This page is part of © FOTW Flags Of The World website

Armenia: Alishan's flag proposals (late XIXth century)

Last modified: 2015-01-24 by ivan sache
Keywords: alishan (ghevont) | proposal: armenia |
Links: FOTW homepage | search | disclaimer and copyright | write us | mirrors

[Alishan's proposal]         [Alishan's proposal]

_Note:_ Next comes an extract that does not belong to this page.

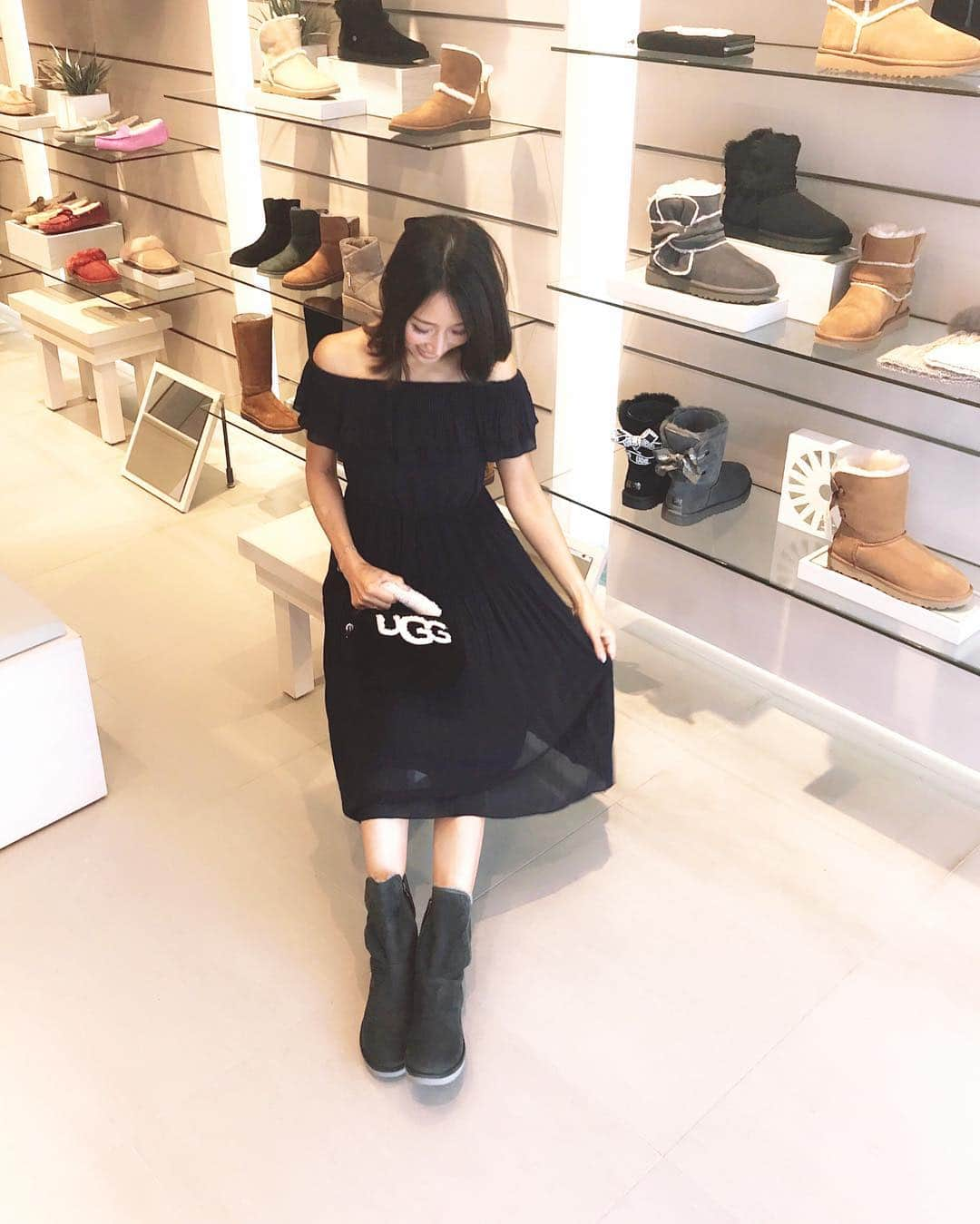 宮田綾子さんのインスタグラム写真 - (宮田綾子Instagram)「ハイヒールLOVERS Ayako⁑  初UGG❤️ @uggjapan  裸足で履いた瞬間きゃーって感じ 冬絶対温かい！  UGGってすごくカジュアルなのかなーと思ってたけど普段のワンピとかにもこんなにも合う〜！ 全体的にスリムな アブリーショートIIを選んだよ💚 グリーンがすごくお洒落でしょ みんなはUGG 持ってる？  #ハイヒールLOVERS #宮田綾子 #pr #uggコーデ #ugg銀座 #アグ #ショートブーツ #シープスキン #abree #スエードブーツ #ブーツ #boots #南カリフォルニア #銀座店 #ugg #ginza」9月13日 6時51分 - ayako__miyata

Alishan's proposals, c. 1885 - Images by António Martins, 29 March 2008
Left, as reported by the Armenian Heritage Organisation
Right, as reported by Crampton

See also:

Alishan's proposals

The Armenian Heritage Organisation presents Armenian nationalist flags from the XIXth century as follows:

The question of the Armenian flag came up in 1885, when the Armenian Students Association of Paris, desirous of joining the funeral of Victor Hugo with a national flag, appealed to Father Alishan for the true colors of the flag.
Father Alishan, without any historical proof, composed the "Armenian Flag" which later was adopted as the official flag of the Hunchak party. The flag was based solely on data from the Armenian Church calendar according to which the first Sunday of Easter is called "Red" Sunday, the second, "Green" Sunday, and selecting an arbitrary color of his own, the white completed the color combination.
Thereafter, Father Alishan created a second classification of colors: yellow, red and green or blue, red, and green, taking it from the colors of the rainbow based on the premise that God gave the Armenian flag on the very day when the colors of the rainbow bathed the Ark of Noah on Mount Ararat.
The yellow, red, and green flag was adopted by the Armenians and used during the First World War.

Jakub Grombír, 19 March 2008

The nationalist Armenian flag designed by Father Ghevont Alishan was vertically divided red-green-blue. It was inspired by the French national flag. Crampton [cra90] shows a picture of such a miniature flag. The word ARMENIA written in white on the flag from lower hoist to upper fly does not seem to be part of the flag.
I have also seen those colours on a decorative licence plate: an unidentified badge on white, with vertical stripes on each side: blue-red-green and green-red-blue.